Friday, March 28, 2014

Police and the Criminal Court

We are attempting to turn the police against the courts, or at least to make the police realize that they are not within a common system with the courts, a system known as 'law-enforcement.' We start from the belief that it is the police which is the better organ, more justly in service of society, but the courts put it into a lot of troublesome scenarios. We must not take the relationship between the police and the courts for granted, meaning that we must not assume that both originated together and are in fact a part of same law-enforcement system. It is only today that the police and the courts have been so close to one another. In this relationship, the police has always come out secondary. It always seems that it is the police which is borrowing from the courts the terminology and tactic in how it should do its work. One consequence is how rigid the police system seems, the level of policing seems, today overburdened by its own call for discipline...its disciplining of another is often turned upon itself to become an act of self-discipline. The courts themselves have more flexibility, and seem to treat the law as something which is blurry in conception and in their execution of it. The police being the chief authority, because of its guns and badges, is in fact an illusory assumption; the real authority are the courts, the lawyers, the judges.
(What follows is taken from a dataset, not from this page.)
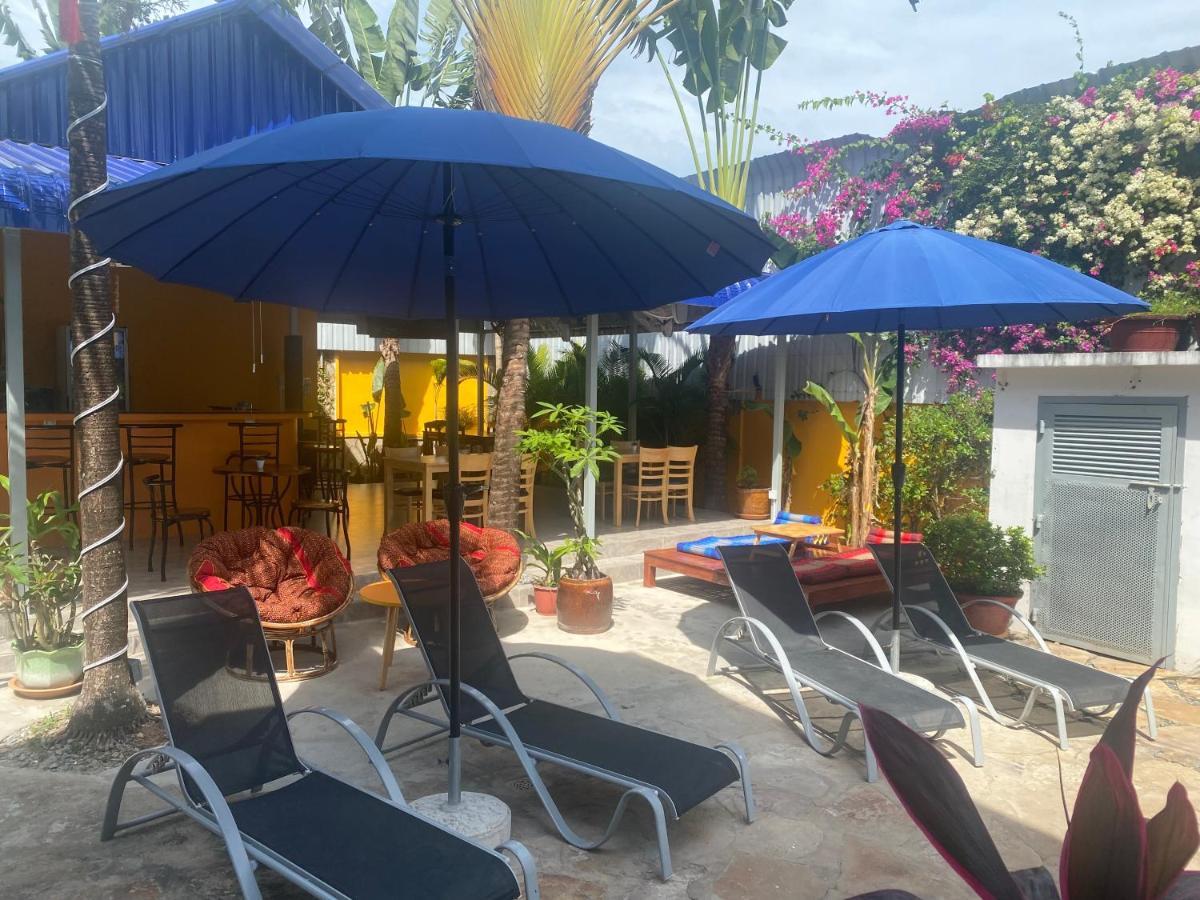 Villa Blue Lagoon Sihanoukville Exterior photo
There are many concrete manifestations of the influence of the courts upon the police. The courts have a freedom of shaping the criminal. “The suspect was too violent” the courts may assert, and in the subsequent pursuit of suspected murderers, the police focuses on those which are “too violent”. In the character sketch of the criminal, the courts point to those traits of the criminal that selectively make some things sound more problematic over others; the criminal is made in the court and then found in the street by the police. The police understands what to look for depending on what the lawyer speaks, the lawyer who has private agendas, who has political agendas, who has biases...And borrowing from the courts, in the police's job too the issue becomes less to do with the truth and more to do with the more convincing argument. And the first step here is the intellectualization of the police, the making of the police into an enforcer of law. In this and many other ways, the courts influence the police in the process of criminalization. And what is the issue? Precisely that the private lawyer dominates the court, and therefore what is meant for public service is in fact for the private good. With its influence to the police force, the courts manage to steer what is supposed to be purely for the public/social good towards private agendas. The police finds inspiration from the courts in many ways: the treatment of the criminal in the courts, the way he is judged, the scenarios which are highlighted around him, and the degree of punishment he gets as a form of justice all have direct influences on the police when he/she is on duty. The police is a silent observer in the courts; it is supposed to watch and learn about the process of making a criminal.
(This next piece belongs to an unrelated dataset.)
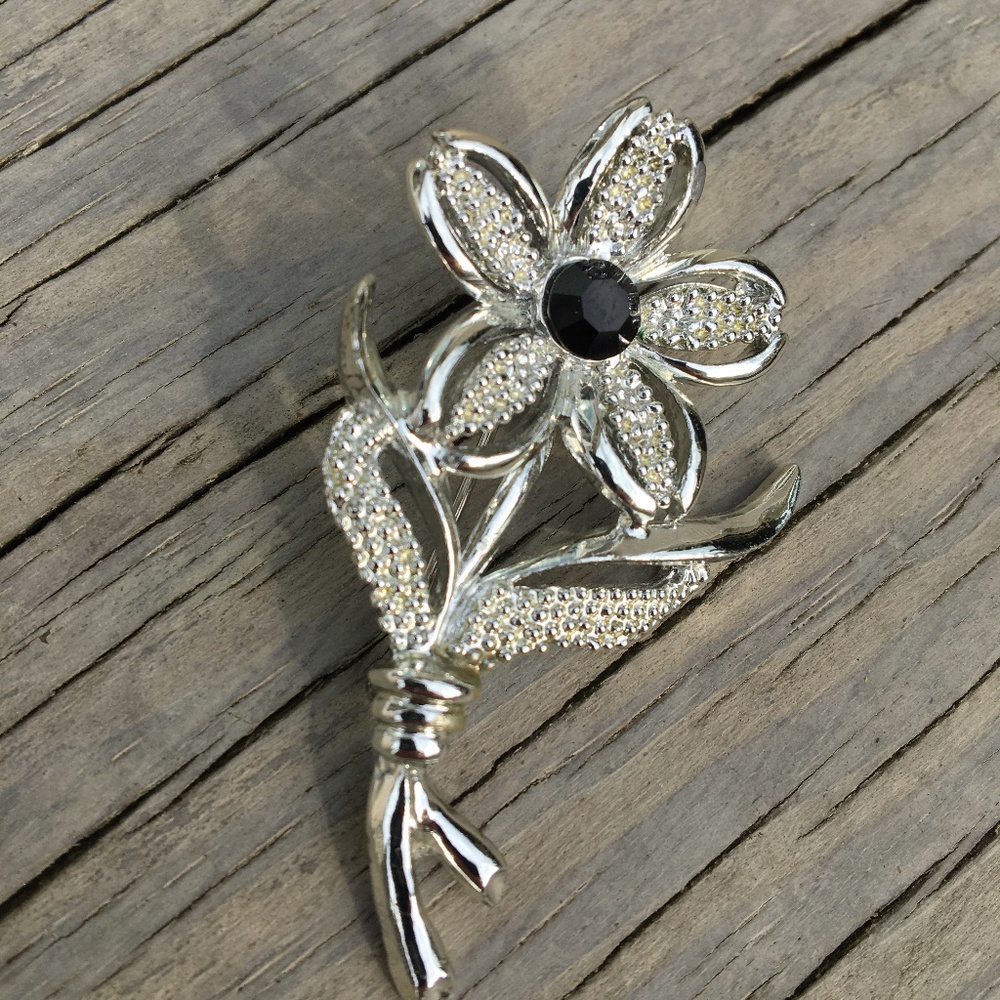 Sarah Coventry vintage brooch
It is true that it is difficult to truly note the foreign influence upon the police force. The police force, by itself, seems to demonstrate a great distance from any type of foreign influence, and seems to be a national organ through and through. But the foreign influence is in the courts: through a law education abroad, through the study of Western ethics etc. It would be fine if only the influence was foreign, but, in the contact points between the police force and the courts, there is often direct foreign intervention. Where the foreign law and the domestic police meet, where they have their most meaningful and productive contact is indeed obvious: it is nothing other than the prison. We must not consider the prison to be a backward place, a place that seamlessly integrates with the rest of Nepal in its lack of development...rather, the prison is a place of advanced knowledge, intelligent subjects, and a place with the continuous monitoring from foreign interests. The prison is not under the authority of the police, it seems so only because such an image has been crafted. Rather, the courts too have their presence in the prison, and their influence in the prison is quite deep. It is these courts that may facilitate the conversion of a prison into a mass prison system, and the criminalization of the population is already underway here. This mass imprisonment is possible thanks to the lawyers' equation between words “reckless,” “undisciplined” and others which the police is then allowed to associate with its suspects.